Task:
Somewhere below are a line with "73 Alan Ln, Tifton, GA 31793" and a later line with "Brennenstuhl CEE Camping-Verlängerungskabel". Output exactly those lines and all lines between them.

[Short web captions]
◆ ◆ ◆

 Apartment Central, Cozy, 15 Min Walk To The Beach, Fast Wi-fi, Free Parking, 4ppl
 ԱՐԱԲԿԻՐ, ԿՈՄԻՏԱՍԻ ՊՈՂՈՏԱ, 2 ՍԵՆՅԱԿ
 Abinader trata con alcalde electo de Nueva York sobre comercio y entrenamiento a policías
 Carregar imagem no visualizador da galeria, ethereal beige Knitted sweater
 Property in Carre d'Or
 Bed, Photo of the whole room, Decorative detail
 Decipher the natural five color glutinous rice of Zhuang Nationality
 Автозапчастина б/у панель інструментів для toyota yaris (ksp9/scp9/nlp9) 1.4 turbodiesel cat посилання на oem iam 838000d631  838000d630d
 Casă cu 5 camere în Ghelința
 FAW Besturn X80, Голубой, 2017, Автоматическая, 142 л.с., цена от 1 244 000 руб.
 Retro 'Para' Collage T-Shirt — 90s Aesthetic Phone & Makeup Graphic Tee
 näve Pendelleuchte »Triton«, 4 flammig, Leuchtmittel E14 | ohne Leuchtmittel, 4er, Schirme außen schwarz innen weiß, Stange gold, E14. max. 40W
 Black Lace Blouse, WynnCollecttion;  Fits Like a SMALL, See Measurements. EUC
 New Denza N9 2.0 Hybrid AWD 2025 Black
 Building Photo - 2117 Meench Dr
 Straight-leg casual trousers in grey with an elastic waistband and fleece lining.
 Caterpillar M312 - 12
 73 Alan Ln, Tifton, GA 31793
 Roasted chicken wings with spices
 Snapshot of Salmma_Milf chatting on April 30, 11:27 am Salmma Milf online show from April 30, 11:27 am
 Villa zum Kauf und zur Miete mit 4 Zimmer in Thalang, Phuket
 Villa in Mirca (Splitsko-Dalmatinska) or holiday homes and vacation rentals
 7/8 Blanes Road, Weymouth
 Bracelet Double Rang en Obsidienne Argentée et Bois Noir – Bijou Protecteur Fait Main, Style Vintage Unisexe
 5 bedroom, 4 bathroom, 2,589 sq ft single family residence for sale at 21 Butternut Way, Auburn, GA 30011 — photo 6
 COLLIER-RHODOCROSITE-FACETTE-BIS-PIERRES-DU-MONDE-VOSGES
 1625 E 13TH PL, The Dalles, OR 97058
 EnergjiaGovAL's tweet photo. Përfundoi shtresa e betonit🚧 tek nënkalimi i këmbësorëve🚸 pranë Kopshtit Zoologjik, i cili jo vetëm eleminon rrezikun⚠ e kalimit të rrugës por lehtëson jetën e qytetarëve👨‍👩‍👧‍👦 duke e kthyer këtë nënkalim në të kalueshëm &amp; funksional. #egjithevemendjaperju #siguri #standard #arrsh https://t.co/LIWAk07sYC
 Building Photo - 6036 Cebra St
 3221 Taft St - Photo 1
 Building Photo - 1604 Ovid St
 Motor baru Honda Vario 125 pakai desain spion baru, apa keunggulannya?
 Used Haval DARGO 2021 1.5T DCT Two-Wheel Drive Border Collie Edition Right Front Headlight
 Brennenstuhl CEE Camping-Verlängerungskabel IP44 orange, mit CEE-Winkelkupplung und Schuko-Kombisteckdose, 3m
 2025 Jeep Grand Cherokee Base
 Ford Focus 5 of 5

◆ ◆ ◆

Response to the exercise:
 73 Alan Ln, Tifton, GA 31793
 Roasted chicken wings with spices
 Snapshot of Salmma_Milf chatting on April 30, 11:27 am Salmma Milf online show from April 30, 11:27 am
 Villa zum Kauf und zur Miete mit 4 Zimmer in Thalang, Phuket
 Villa in Mirca (Splitsko-Dalmatinska) or holiday homes and vacation rentals
 7/8 Blanes Road, Weymouth
 Bracelet Double Rang en Obsidienne Argentée et Bois Noir – Bijou Protecteur Fait Main, Style Vintage Unisexe
 5 bedroom, 4 bathroom, 2,589 sq ft single family residence for sale at 21 Butternut Way, Auburn, GA 30011 — photo 6
 COLLIER-RHODOCROSITE-FACETTE-BIS-PIERRES-DU-MONDE-VOSGES
 1625 E 13TH PL, The Dalles, OR 97058
 EnergjiaGovAL's tweet photo. Përfundoi shtresa e betonit🚧 tek nënkalimi i këmbësorëve🚸 pranë Kopshtit Zoologjik, i cili jo vetëm eleminon rrezikun⚠ e kalimit të rrugës por lehtëson jetën e qytetarëve👨‍👩‍👧‍👦 duke e kthyer këtë nënkalim në të kalueshëm &amp; funksional. #egjithevemendjaperju #siguri #standard #arrsh https://t.co/LIWAk07sYC
 Building Photo - 6036 Cebra St
 3221 Taft St - Photo 1
 Building Photo - 1604 Ovid St
 Motor baru Honda Vario 125 pakai desain spion baru, apa keunggulannya?
 Used Haval DARGO 2021 1.5T DCT Two-Wheel Drive Border Collie Edition Right Front Headlight
 Brennenstuhl CEE Camping-Verlängerungskabel IP44 orange, mit CEE-Winkelkupplung und Schuko-Kombisteckdose, 3m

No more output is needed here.